Science fiction is the siren song of hard science. How many innocent young students have been lured into complex, abstract science, technology, engineering, or mathematics because of a reckless and irresponsible exposure to Arthur C. Clarke at a tender age? Yet Arthur C. Clarke has a very famous quote: “Any sufficiently advanced technology is indistinguishable from magic.”
It’s the prospect of making that… ahem… magic leap that entices so many people into STEM in the first place. A magic leap that would change the world. How about, for example, having humanoid robots? They could match us in dexterity and speed, perceive the world around them as we do, and be programmed to do, well, more or less anything we can do.

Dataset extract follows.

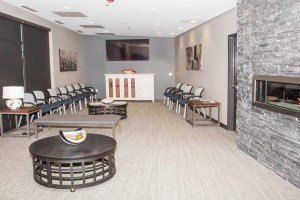Dental waiting room with rows of chairs, central coffee table, stone fireplace, and TV mounted on wall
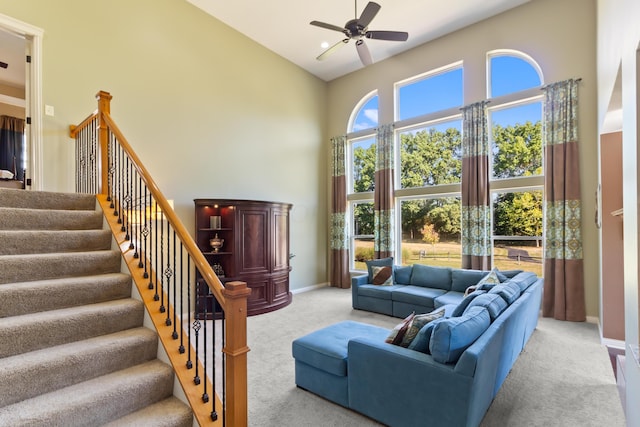 living room featuring ceiling fan, light colored carpet, and high vaulted ceiling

Such a technology would change the world forever.
But how will it arrive? While true sci-fi robots won’t get here right away—the pieces are coming together, and the company best developing them at the moment is Amazon. Where others have struggled to succeed, Amazon has been quietly progressing. Notably, Amazon has more than just a dream, it has the most practical of reasons driving it into robotics.
This practicality matters. Technological development rarely proceeds by magic; it’s a process filled with twists, turns, dead-ends, and financial constraints. New technologies often have to answer questions like “What is this good for, are you being realistic?” A good strategy, then, can be to build something more limited than your initial ambition, but useful for a niche market. That way, you can produce a prototype, have a reasonable business plan, and turn a profit within a decade. You might call these “stepping stone” applications that allow for new technologies to be developed in an economically viable way.
You need something you can sell to someone, soon: that’s how you get investment in your idea. It’s this model that iRobot, developers of the Roomba, used: migrating from military prototypes to robotic vacuum cleaners to become the “boring, successful robot company.” Compare this to Willow Garage, a genius factory if ever there was one: they clearly had ambitions towards a general-purpose, multi-functional robot. They built an impressive device—PR2—and programmed the operating system, ROS, that is still the industry and academic standard to this day.
But since they were unable to sell their robot for much less than $250,000, it was never likely to be a profitable business. This is why Willow Garage is no more, and many workers at the company went into telepresence robotics. Telepresence is essentially videoconferencing with a fancy robot attached to move the camera around. It uses some of the same software (for example, navigation and mapping) without requiring you to solve difficult problems of full autonomy for the robot, or manipulating its environment. It’s certainly one of the stepping-stone areas that various companies are investigating.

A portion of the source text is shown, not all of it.